Use the responsibilities obtained from the ML training (EM algorithm implemented above; variable 'gammas_ml') to initialize $q(\zz)$. This implies that we use the same number of Gaussian components $C=6$ as for the ML training.
Run iteratively the updates of $q(\mmu,\llambda)$, $q(\ppi)$ and $q(\zz)$ until the algorithm converges.
Once the VB inference converges:
Plot the estimated approximate distributions $q(\mu_c,\lambda_c)$ for all the Gaussian components $c \in \{1\dts C\}$. You can reuse the code for plotting NormalGamma distribution from vb_gmm_training.ipynb notebook.

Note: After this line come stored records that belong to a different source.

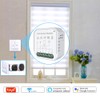 Tuya WiFi Intelligent Curtain Switch Module Home Curtain Modification Module
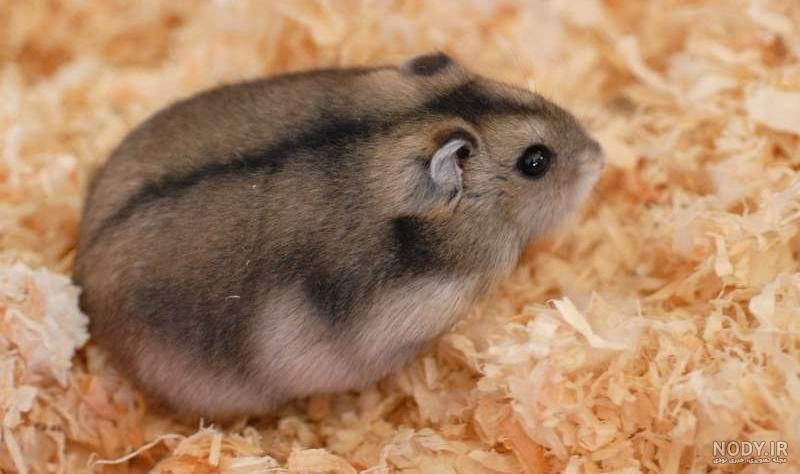 عکس همستر های ناز و با مزه عکس همستر های ناز و با مزه
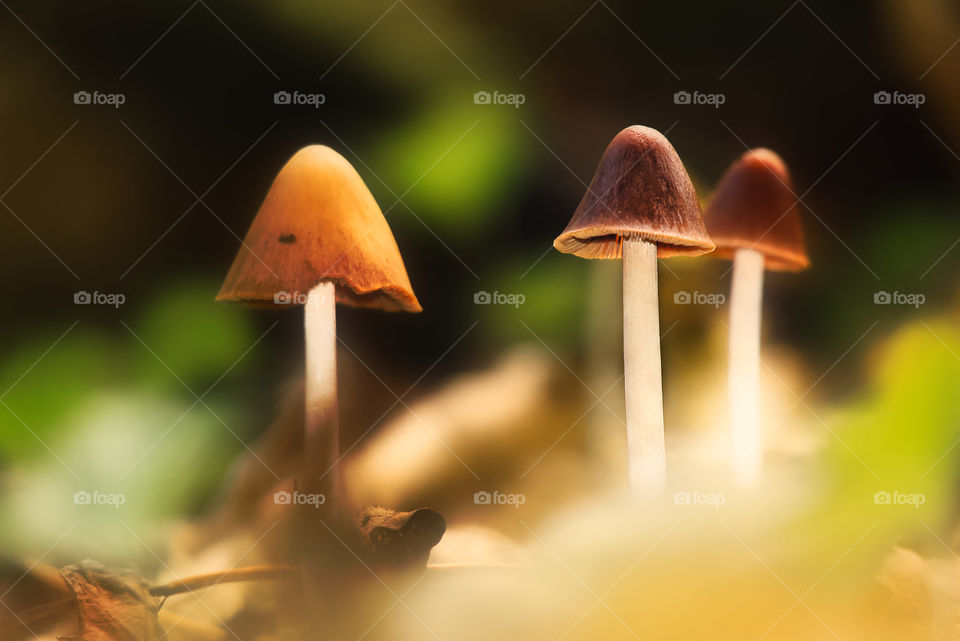 Mushrooms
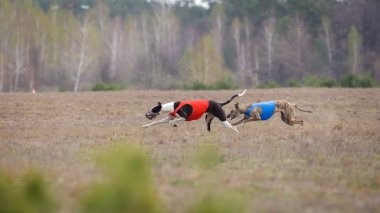 Akan, tutku ve hız. Çalışan iki köpek tazı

Print also the vector of parameters $\aalpha^*$ of the approximate posterior distribution of the weights $q(\ppi)$.
Analyze these results. What can you say about the obtained posteriors distributions? What do they represent? How do these posterior distribution compare to the parameter estimates obtained from the EM algorithm?
Generate several (say 50) samples from the approximate posterior distribution $q(\ppi,\mmu,\llambda) = q(\ppi) \prod_{c=1}^C q(\mu_c,\lambda_c)$. Each such sample is set of parameters of one GMM. Plot the GMM distributions corresponding to all the samples into a single figure. Comment on this plot. What do the individual GMM distributions represent?
Now, average all the GMM distributions from the previous step. Attention! Average the GMM distributions, not their parameters as sampled from $q(\ppi,\mmu,\llambda)$. What can you say about the obtained average distribution? What does it represent?
#Your code goes here :)
Now estimate and plot the VB (approximate) posterior predictive distribution. How does the resulting posterior predictive distribution compare to:
#Your code for posterior predictive distribution
Now repeat the whole excercise, but this time using the inference based on Gibbs sampling (not the collapsed one).
Start from fixed $\zz$ initialized as the most likely assignments of observations to GMM components according the the ML training (i.e. assignment will be again derived from variable 'gammas_ml').
In each iteration, plot the GMM distribution corresponding to the sample from $p(\ppi,\mmu,\llambda|\zz, \xx)$. What do the individual GMM distributions represent? How do they compare to the samples from the VB approximate posterior $q(\ppi,\mmu,\llambda)$?
Average the distributions from the previous step to obtain an approximation to the posterior predictive distribution. Plot this distribution. How does it compare to the VB posterior predictive distribution? Is it any different? If yes, why?
#Your code for Gibbs sampling inference
Generate larger number of training observations (e.g. 1000 samples) from the true distribution (mus_true, vars_true, pis_true) and repeat the whole experiment once more (for both VB and Gibbs sampling inference) with the larger amount of training data. Regenerate all the plots and comment on how they change from the previous experiments with smaller training data set.
#Your code
Try to implement as much as you can and answer as many questions as you can. It is fine if you do not understand some questions or if you do not know some of the answers.